- _REQUIRED WORK_
From the entries below, write out exactly the lines between the line holding "Welcome to this" and the line holding "Hi, in this", inclusive, excluding any pictures.

(EXERCISE MATERIAL Opens)

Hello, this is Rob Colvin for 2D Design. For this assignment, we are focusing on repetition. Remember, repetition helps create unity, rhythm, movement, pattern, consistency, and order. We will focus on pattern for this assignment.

(EXERCISE MATERIAL Closes)
(EXERCISE MATERIAL Opens)

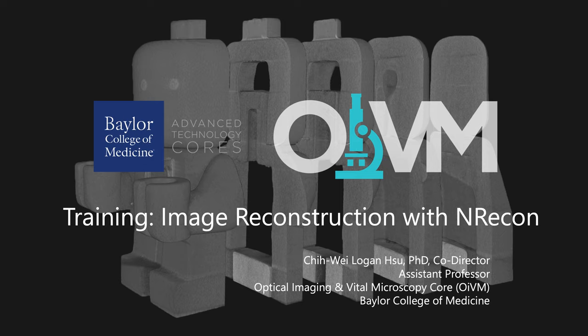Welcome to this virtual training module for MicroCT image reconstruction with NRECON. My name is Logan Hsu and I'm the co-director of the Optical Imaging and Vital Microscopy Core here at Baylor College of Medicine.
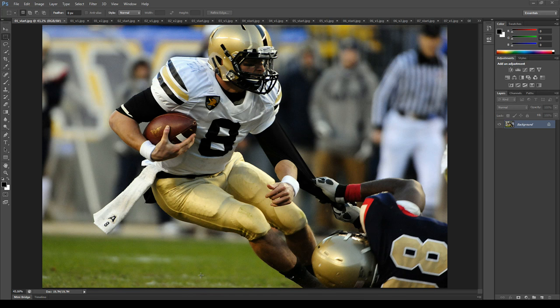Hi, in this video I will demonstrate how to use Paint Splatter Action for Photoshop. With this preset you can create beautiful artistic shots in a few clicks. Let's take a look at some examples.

(EXERCISE MATERIAL Closes)

- _OUTPUT BELOW_
Welcome to this virtual training module for MicroCT image reconstruction with NRECON. My name is Logan Hsu and I'm the co-director of the Optical Imaging and Vital Microscopy Core here at Baylor College of Medicine.
Hi, in this video I will demonstrate how to use Paint Splatter Action for Photoshop. With this preset you can create beautiful artistic shots in a few clicks. Let's take a look at some examples.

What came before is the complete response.